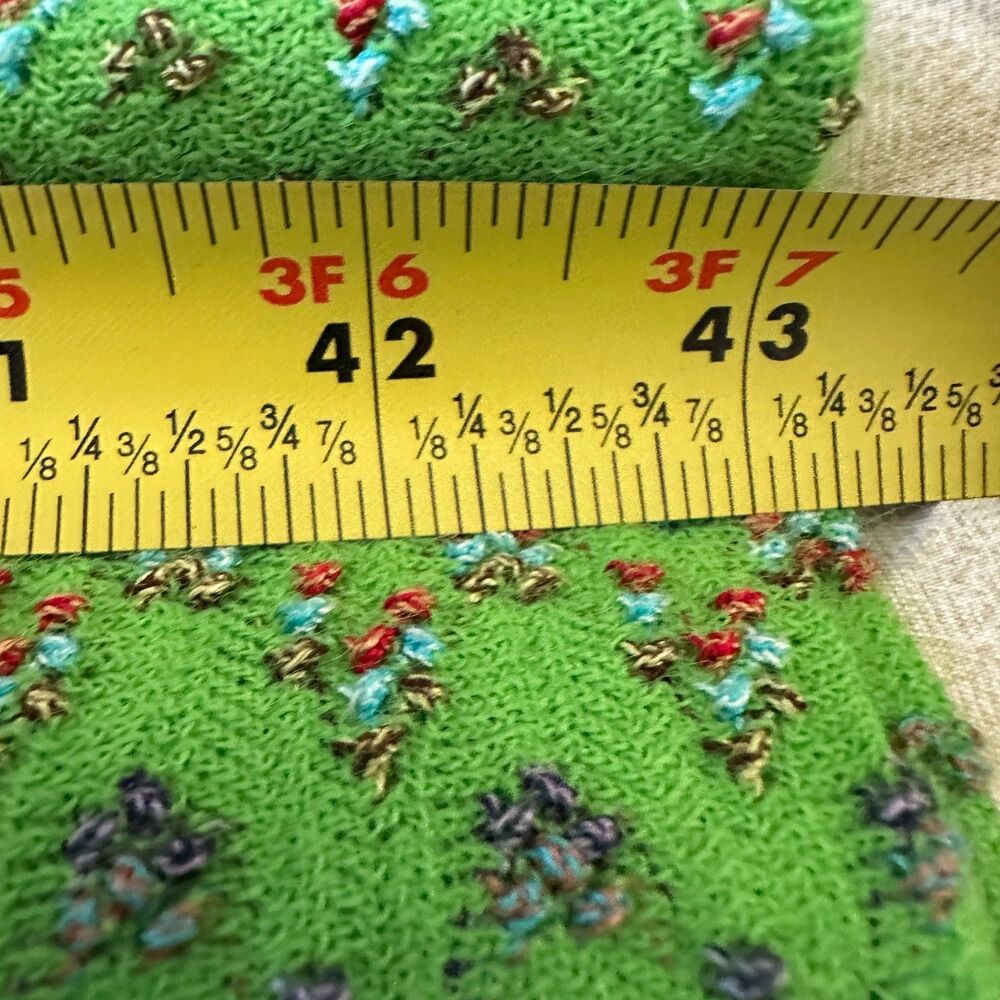 Vintage Green Floral Lounge Dress 1960s Cottagecore Robe Lace Collar Pockets - Picture 8 of 9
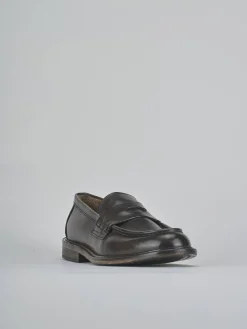 Mocassini tacco 1cm pelle testa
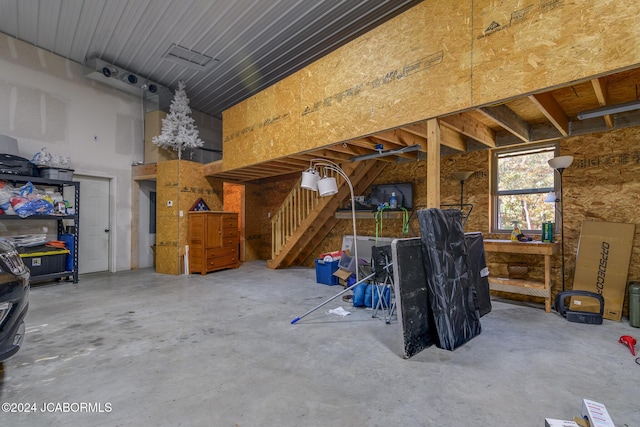 misc room featuring concrete floors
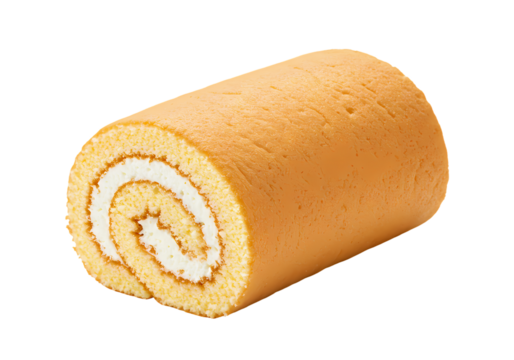 Delicious Swiss Roll Cake Recipe on Transparent background
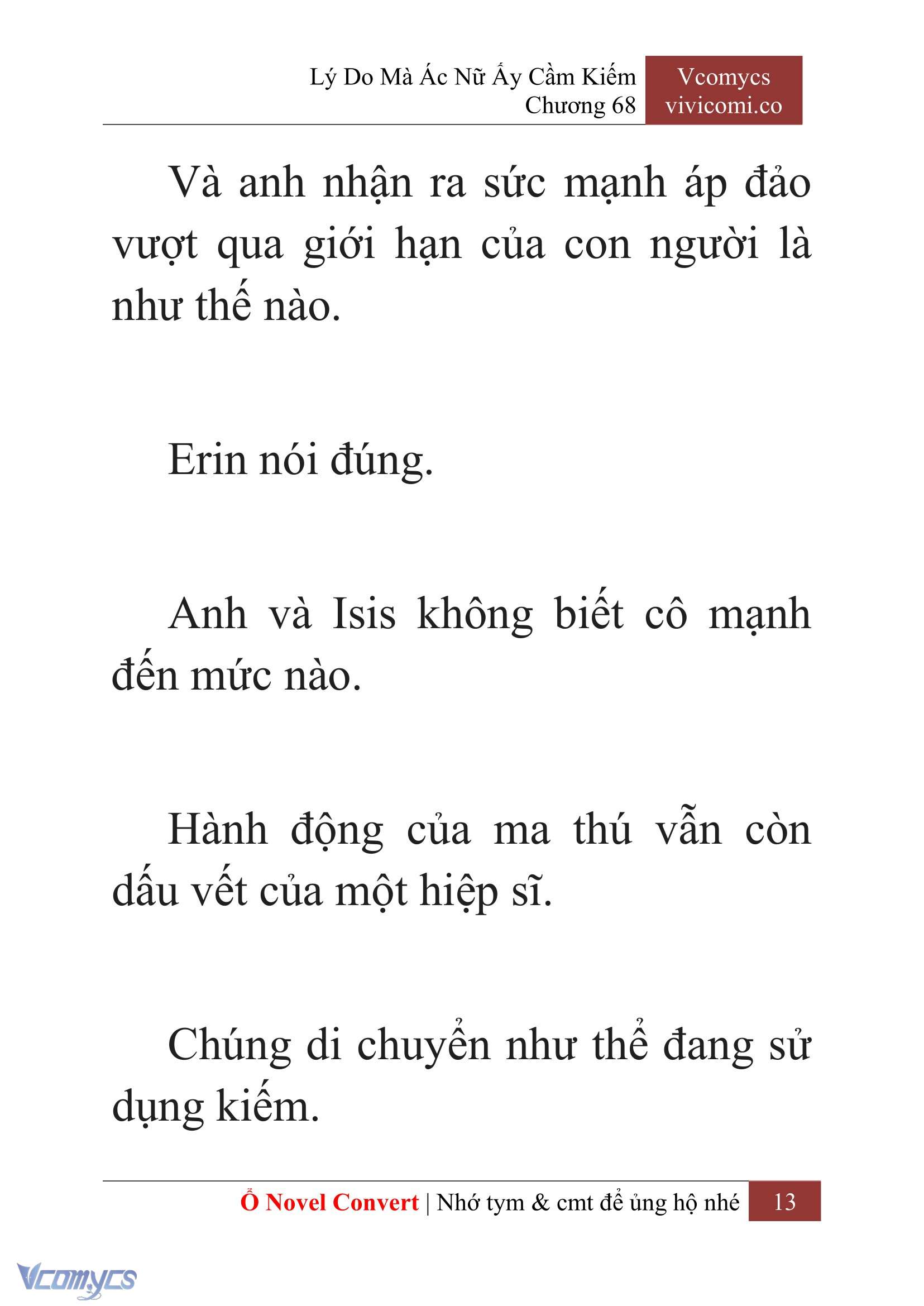 [Novel] Lý Do Mà Ác Nữ Ấy Cầm Kiếm Chapter 68 - Trang 16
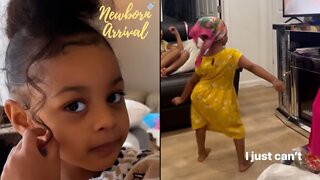 Offset & Cardi B's Daughter Kulture Dances Just Like Mommy! 💃🏾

-- -- --

## Activity
No pictures belong in the copy. Return exactly the lines from the line containing "misc room featuring concrete floors" through the last line of the listing.

## Answer for the task
 misc room featuring concrete floors
 Delicious Swiss Roll Cake Recipe on Transparent background
 [Novel] Lý Do Mà Ác Nữ Ấy Cầm Kiếm Chapter 68 - Trang 16
 Offset & Cardi B's Daughter Kulture Dances Just Like Mommy! 💃🏾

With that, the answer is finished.